Classic rock? Kinda, but not as you’d know it
There is a lot to like about Old James even before you have listened to a note.
First off they are from Canada and music from Canada always seems to be cool. Second, they are a trio, and as regular readers will know, it is this website’s unshakable belief that there is something just right about a three-piece band.
Old James are no exception.
Built around the rhythm section of brothers Brian and Chris Stephenson, but with stellar guitar work from Andy Thompson, the nine full length tracks on “Speaks Volumes” (there is a tenth, the “Bass-ik Instincts” interlude) mark OJ out as a rather mighty proposition.
There is a gleeful scream at the start of album opener “Don’t Put It On Me” that suggests that they fancy getting in all kinds of trouble. If its not quite Axl Rose in “Welcome To The Jungle” then it’s still the work of three men who know where the fun is at.
Then there’s the all-important opening riff. A swinging, bluesy fuzzed up tidal wave, it recalls Cream or Free and is perfectly happy with its lot.
If, at this point you are thinking: “yeah great, but why do I need yet another retro rock n roll band in my life?” we take your point, but we’d respectfully add that while “Speaks Volumes” knows where its roots are – and like MV is probably extremely annoyed that it was born too late to fully appreciate these heroes – this is not some exercise in homage.
Instead, on songs like “Lemons” they infuse some grunge into things. Coming on like Stone Temple Pilots circa “Shangri-La-Di-Da” this is almost the perfect snapshot of what they are trying to do.

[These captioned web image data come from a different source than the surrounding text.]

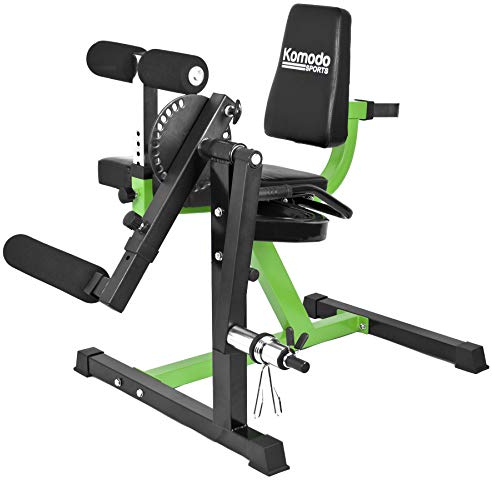 KOMODO Leg Extension and Curl Machine - Seated Extender Bench for Quads Hamstrings Press Curling
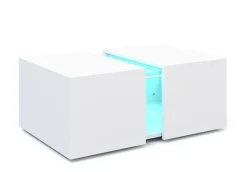 Beistelltisch LED RENA mit Stauraum 77 x 50 x 32 cm weiss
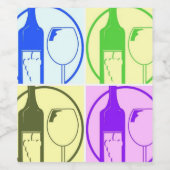 ポップ・アートのアートワインボトルとガブレット ワインラベル (シングルラベル)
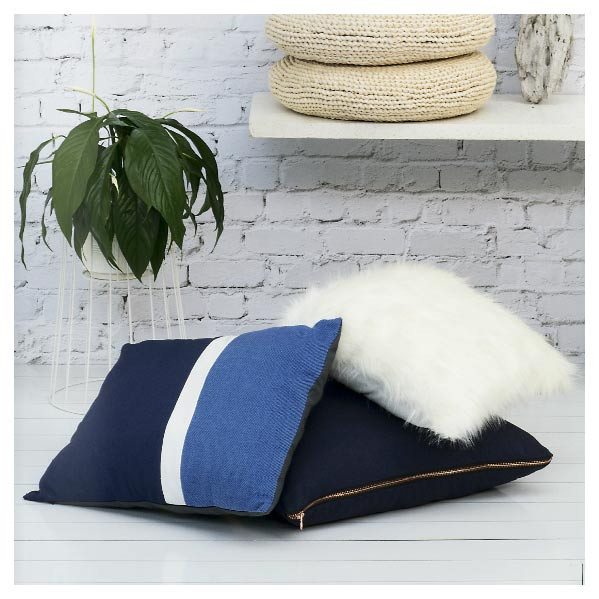 Jason Blue & White Stripe Cushion | Koop.co.nz
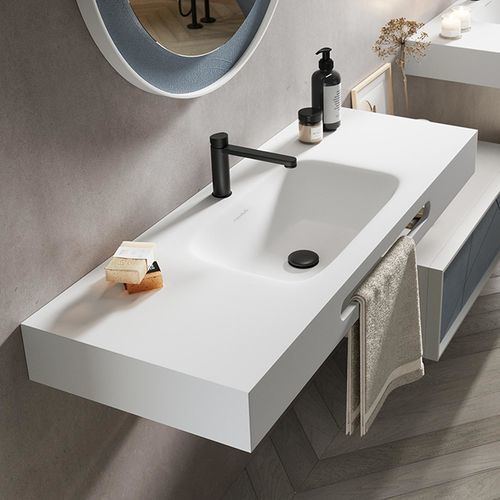 Piano lavabo in Solid Surface - MOIWA - ACQUABELLA - su misura / con portasalviette integrato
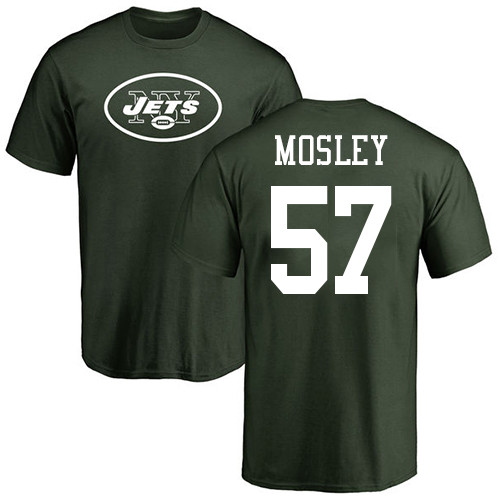 New York Jets Men Green C.J. Mosley Name and Number Logo NFL Football #57 T Shirt
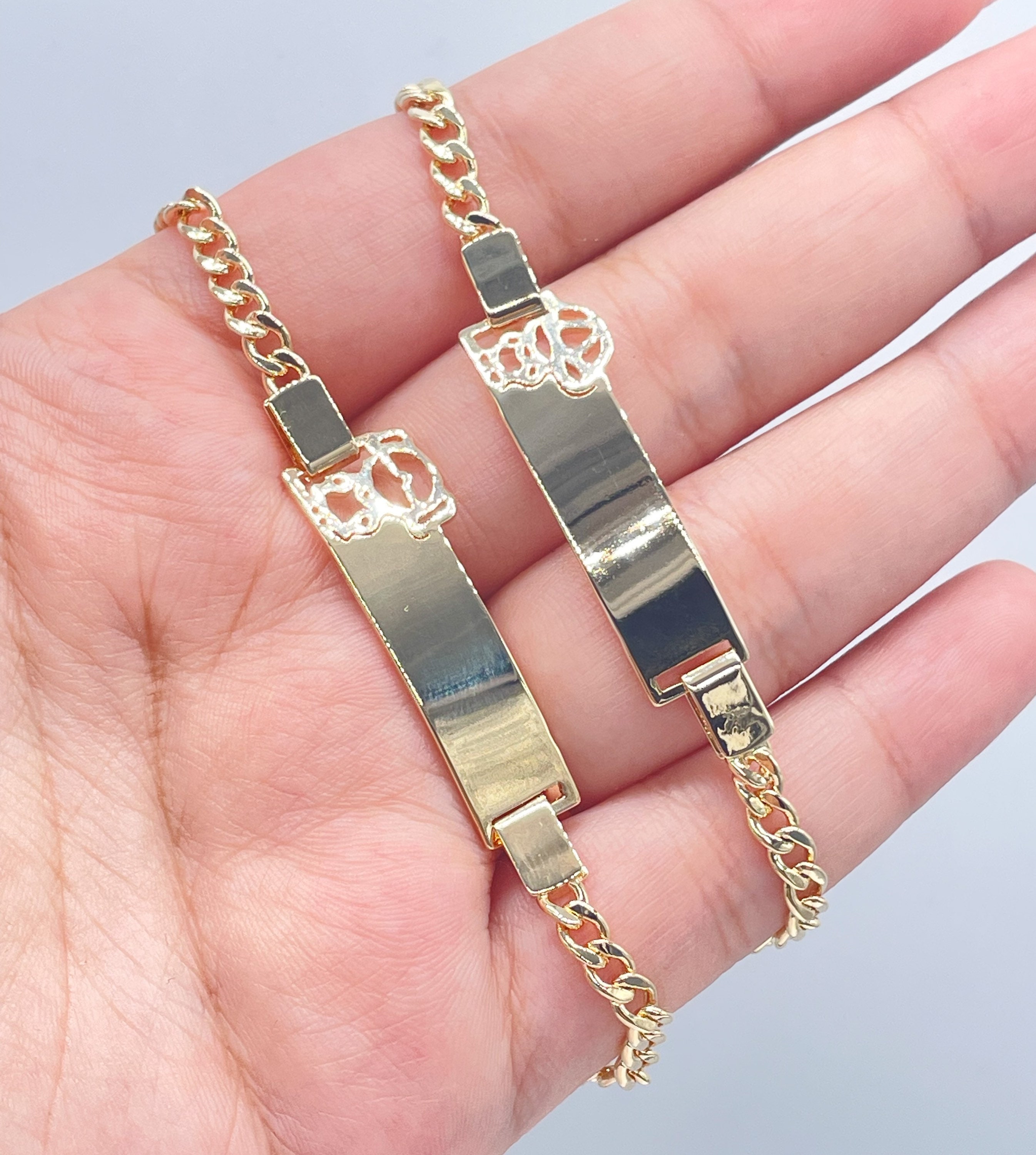 Pulsera De Bebé Eslabón Cubano - Oro Relleno 18K, Longitud 5.5 Pulgadas, Grabado Gratis, Para Niños Y Bebés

“Words As Weapons” bursts out of the blocks as if rockin’ was the most natural thing in the world, “So Real” chugs along and would have “radio hit” written all over it if anyone bought records anymore, and “Salutations” does something a little more primal and dark – “I’m gonna break this world, with truth as my hammer” offers Stephenson, and there is a hint of Black Crowes here.”
“Kill Off The Rose” is built around a majestic riff and would doubtless sound superb live. Indeed, it is probably fair to say that Old James’ natural habitat might be some stage somewhere, because this is music designed to be organic and vibrant.
To that end “Master Imploder” is a souped-up bluesy boogie, having to live life in the fast lane, and “Eugene” is constructed around a thumping bass groove to hide its dark lyrics – which you might not even notice on first listen given the good time nature of the music.
As it ends with its title track its hard not to think that Old James have pulled off a rather neat trick. “Speaks Volumes” – both the song and the album – sucker you into thinking you are hearing something instantly recognisable, then they cheerfully subvert those expectations. A fresh twist on Classic Rock, if you will.